Em outra carta, a da editora-chefe do Grupo Matinal, Marcela Donini, as inverdades espalhadas por Osmar Terra, numa cruzada para enfraquecer o ministro da Saúde, Luiz Henrique Mandetta, foram desmentidas num interessante exercício de diferenciação entre o que é fato e o que é opinião, que me fez lembrar uma oficina de letramento midiático que ministrei em Pelotas para um grupo de idosos com ajuda de estudantes de Jornalismo da UFPel.
Desde o início de março, tenho respondido pedidos de colegas de emissoras locais de rádio e televisão, agências de notícias do interior do RS e até assessores de imprensa de instituições em busca de esclarecimentos sobre como escapar dos conteúdos enganosos na quarentena. Atendo (quase) sempre porque é importante pensar que, em comunidades menores, que têm menos jornalismo profissional e são mais propensas a redes de confiança pelo contato interpessoal – o primo que trabalha no hospital, a amiga que é funcionária da prefeitura, o irmão que é vereador, etc. – a desinformação pode ser ainda mais nociva. Eu já vinha pensando e falando sobre isso em cursos e palestras voltados às eleições municipais de 2020.

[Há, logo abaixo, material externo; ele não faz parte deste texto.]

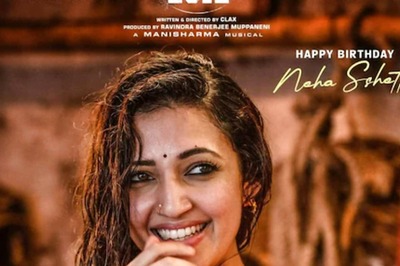 Neha Shetty’s First Look As Chitra From Bedurulanka 2012 Unveiled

Neste texto, entro em detalhes sobre os cuidados contra desinformação. Alguns podem até parecer tolos para usuários mais avançados, mas, por experiência, como aquela lá em Pelotas, tenho certeza de que não são tão óbvios assim para muitos internautas. Trago exemplos ilustrativos para ajudar a compreender no que, afinal, é preciso prestar atenção. Uma versão bem resumida está disponível em áudio neste spot disparado para rádios do interior gaúcho, produzido em parceria com a Padrinho Conteúdo. Vamos aos cuidados:
1. Manchetes apelativas, com palavras em caixa alta e/ou uso de pontos de exclamação são indicativo de conteúdo de baixa qualidade. Se tiver algo como “repasse aos seus contatos” no final, mais atenção ainda.

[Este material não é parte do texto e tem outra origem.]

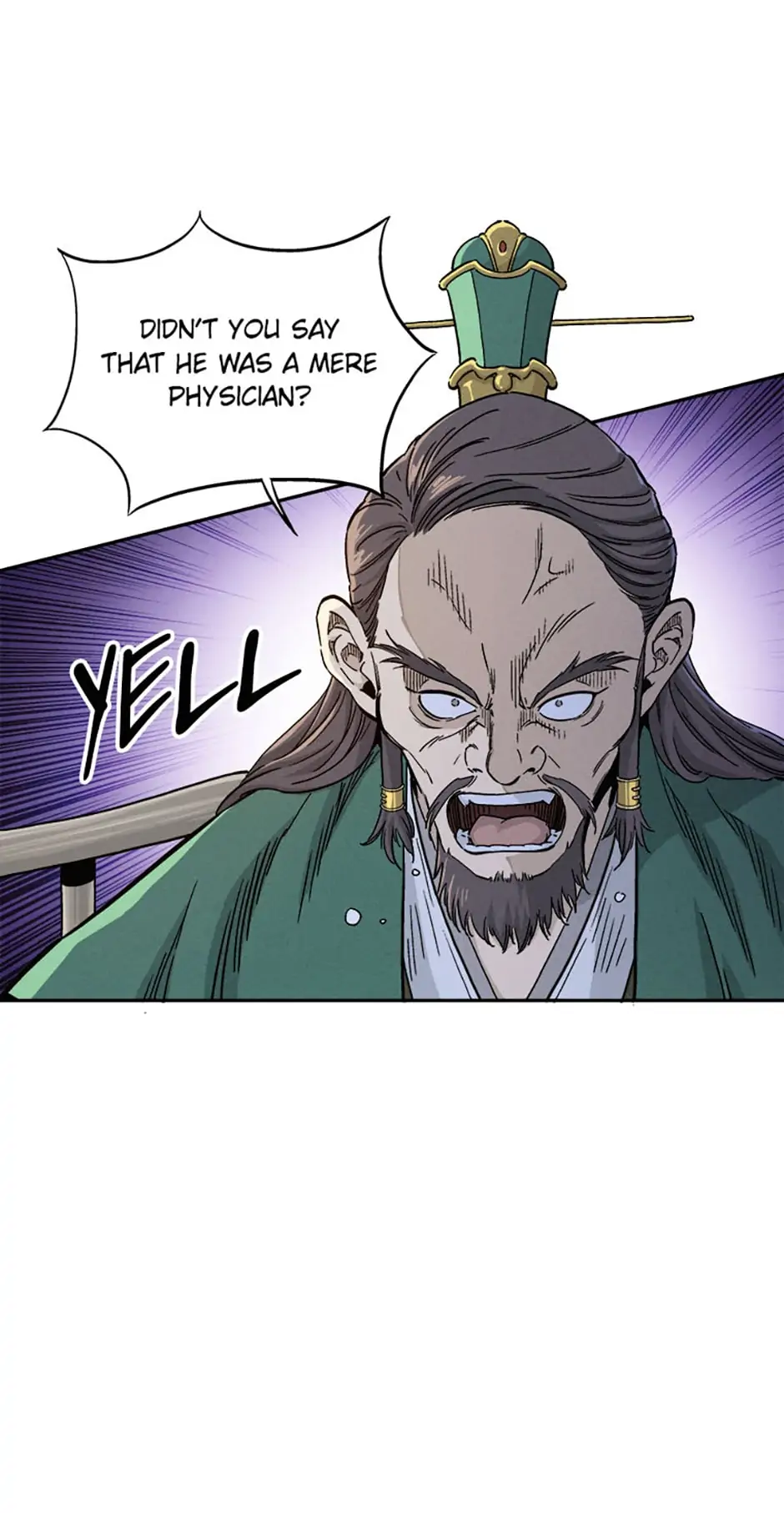 Read The Divine Surgeon EN Manga Online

Medidas para restringir o compartilhamento em massa de mensagens nos aplicativos de conversa, como WhatsApp, estão sendo tomadas. Não é por acaso. Essa estratégia é bastante comum em campanhas de desinformação, principalmente as que se apoiam em “teorias da conspiração”, aquelas mensagens que sugerem que alguém (o governo, a mídia) está escondendo algo de você, ou então receitas de cura milagrosa. Essas mensagens se espalham rapidamente com a colaboração de usuários que atendem aos chamados e encaminham ao maior número de contatos possível e em grupos dos mais diversos. A maioria deles baseados em relações de confiança – família, amigos, colegas – o que aumenta a probabilidade desses conteúdos serem aceitos como credíveis sem uma avaliação mais cuidadosa. É exatamente nisso que você deve prestar atenção. Você não sabe de quem seu amigo recebeu a mensagem, que outros grupos ele frequenta, quem faz parte desses grupos. Pense antes de compartilhar.
2. Confira a URL (o endereço do site), é comum sites mal intencionados usarem endereços similares ao de organizações reconhecidas.

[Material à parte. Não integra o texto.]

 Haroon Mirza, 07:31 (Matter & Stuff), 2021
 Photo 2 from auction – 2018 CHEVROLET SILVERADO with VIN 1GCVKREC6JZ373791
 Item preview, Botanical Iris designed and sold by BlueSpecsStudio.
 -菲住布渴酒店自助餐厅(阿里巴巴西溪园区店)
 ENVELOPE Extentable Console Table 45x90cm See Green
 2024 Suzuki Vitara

Se a mensagem vem com link, confira o link. Muitas vezes a descrição resumida apresentada pelo aplicativo sugere que o conteúdo é de uma fonte confiável, mas pode não ser. Sites mal intencionados costumam cadastrar endereços muito parecidos com os de sites jornalísticos conhecidos ou mesmo de instituições públicas. Preste atenção no que está escrito na URL, o endereço do site (que aparece em azul na mensagem), veja se o nome do veículo está correto. É um detalhe que faz muita diferença.
3. Fique atento a erros ortográficos e vícios de linguagem.
Textos mal escritos, com muitos erros de ortografia ou de digitação são indicativos de baixa qualidade da informação. No caso de áudios, excesso de vícios de linguagem ou uso de palavras de baixo calão são sinais de alerta. Mas também não é uma regra. Alguém com ótima retórica, um ator, um imitador, pode passar muita confiança por meio de uma mensagem de voz. Áudios são muito difíceis de checar. Seria necessário usar recursos de reconhecimento de voz para rastrear autoria, por exemplo. Se você não conhece pessoalmente o autor de um áudio, se não tem o contato dessa pessoa salvo na sua lista, desconfie. E evite compartilhar áudio de qualquer tipo, pois você não tem o controle da circulação de um conteúdo depois que você passa ele adiante.
4. Veja se há um autor, uma pessoa que assina o conteúdo e busque saber sobre sua experiência na área.
Em complemento ao ponto anterior, busque saber quem está na origem da informação que você está recebendo. Se o autor se apresenta, com nome, sobrenome, cargo, uma busca no Google já poderá indicar se essa pessoa é realmente quem ela diz ser. Veja se há mais referências sobre esse autor na área que ele diz atuar e avalie se a mensagem, de fato, merece sua credibilidade. Pense duas vezes se vale a pena compartilhar e com quem.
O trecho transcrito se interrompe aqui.